This week started SO WELL! I mean, I was up EARLY blogging BEFORE work, for Christs sake! What happened?
Well, I’m glad you asked. I spent a good portion of my office hours this week listening to motivational podcasts (parts of my job are very monotonous and podcasts/audiobooks help keep me focused and stop me from chatting) so by the time Wednesday rolled around (my first blogging day) I was full of ideas and couldn’t wait to film and write. I may have touched on our shoddy internet in the past, I mean it’s barely worth discussing but it’s possible I’ve told you about it in every post since we moved in 2016. Well it was just not playing ball, wouldn’t upload an image, wouldn’t download a song to use in editing, just wouldn’t anything. I decided to get some video filmed and pictures taken and move my operation to a local coffee house. You may have one where you live, Costa? Yeah, there. They don’t have good wifi either but at least I’d have data from my phone there.. oh, did I not mention I get zero phone signal in my house either? I’m starting to wonder whether this entire estate is just a social experiment to see how quickly we turn on each other.
So I packed up my life and set it all up in a corner of said coffee house, ordered myself a toastie, a drink, a little cake.. things were looking up. I had finally settled in when I spotted 3 missed calls on my phone, unusual. I called the number.. Milo had been sick and had to come home from school. Now, I know I’m his Mum and obviously I felt for the guy but COME ON! Last Wednesday-Friday we had at least one kid home because of the snow and so I already had a backlog of work that I hadn’t finished, this was my week, man! MY WEEK! I packed everything back up, got my order to go and collected a very chirpy Milo from school to be told he couldn’t return for the rest of the week. Excellent!

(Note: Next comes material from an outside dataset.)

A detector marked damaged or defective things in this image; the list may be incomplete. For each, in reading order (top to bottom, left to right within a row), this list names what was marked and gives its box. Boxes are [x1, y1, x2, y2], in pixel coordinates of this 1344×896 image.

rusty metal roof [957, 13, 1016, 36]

I’m typing this in bed on Saturday afternoon because I got about 10% of what I needed to get done, done with Milo on my shoulder asking me to look at things every 30 seconds and right now I’m feeling defeated. It is literally always something. My husband is a very hands on Dad and I never really feel justified in complaining about parenting duties because he does Milo’s washing and ironing, he baths him, he gets his tea, practices his spellings.. he’s basically ‘Mum’ in stereotypical terms and so if I’m ‘Dad’ then what do I have to complain about? Day-to-day, nothing. Really, nothing but when it comes to work and childcare I feel like ‘Dad’ in Mums body. I’m working from home and yet I do the school run, I organise childcare for my day job, I take time off for sickness. I feel guilty for prioritising work but get no credit when I don’t because at some point it needs to be done and so it would appear that I’m ‘always working’ and ‘never playing’.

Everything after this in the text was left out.